De la mort aux ruines ou aux espaces abandonnés ou en recomposition, il n’y a qu’un pas, qu’explorent aussi bien les travaux de l’Allemand Clemens Behr (Ruines flottantes [2022]), de la Franco-Danoise Eva Nielsen (Reversal, Zoled et Polhodie [2022]) ou encore Standing by the Ruins of Aleppo (2022), la réplique de la cour de la Grande Mosquée d’Alep, bombardée pendant la guerre civile syrienne. Invitation puissante à la méditation, manifestation de la force transcendante de l’esprit de ceux et celles qui ne renoncent pas à la vie avant d’avoir mis en branle leur imaginaire. La démonstration en est donnée plus loin avec La science, comme la réalité, reste platonicienne (2022) du Mexicain Jose Dávila, dont l’installation de meubles anciens dans un équilibre précaire, déjoue de manière onirique aussi bien qu’ironique la loi de la gravité en positionnant. En face, les Intrusions, saisissantes tapisseries « photographiques » d’Ailbhe Ní Brhiain, montrent un monde en ruine habité par des animaux disparus ou en voie de l’être. La même artiste irlandaise présente une grande installation vidéo par laquelle elle invite le spectateur à une inquiétante exploration d’un monde futur secoué par les catastrophes.

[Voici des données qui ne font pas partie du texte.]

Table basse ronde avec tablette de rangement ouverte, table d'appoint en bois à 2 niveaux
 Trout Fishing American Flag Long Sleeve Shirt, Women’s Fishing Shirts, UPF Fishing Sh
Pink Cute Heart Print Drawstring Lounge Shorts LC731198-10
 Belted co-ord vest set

Comment survivre alors ? Le parcours se poursuit justement par Dwelling (2022) une autre installation vidéo doublement immersive, puisque le visiteur se trouve plongé dans un espace clos sur les quatre parois duquel sont projetées des images prises sous la surface de l’eau d’une piscine, où des couples s’entraident à surmonter leur peur de la noyade. La solidarité contre l’angoisse, suggère la Kényane Phoebe Boswell qui travaille à Londres sur les traumatismes personnels. L’œuvre prend d’autant plus de sens qu’en Grande-Bretagne, 95 % des adultes noirs ne savent pas nager et que l’on garde en mémoire les drames des migrations de ceux qui traversent la Méditerranée depuis l’Afrique pour gagner l’Europe.

 

Sylvie Selig, installation de Stateless (huile sur toile) et Weird Family (mannequins, papier maché, matériaux divers). Vue d’exposition, photo Jean-François Bouthors

 

C’est encore ce thème de la solidarité et de l’effroi qu’explore la Française Sylvie Selig, avec une installation monumentale qui organise un passage entre une peinture de cinquante mètres de long, une série de dessins et de broderies en rouge et noir sur fond blanc et une forêt de personnages fabuleux mêlant l’humain, l’animal et le végétal sur le modèle des mondes africains. En créant cet univers entre mythologie et cinématographe, dont l’intrigue se noue autour d’une réfugiée pourchassée à laquelle un lièvre vient en aide, l’artiste interroge à la fois la violence et la loi, les émotions et la capacité de faire preuve d’humanité.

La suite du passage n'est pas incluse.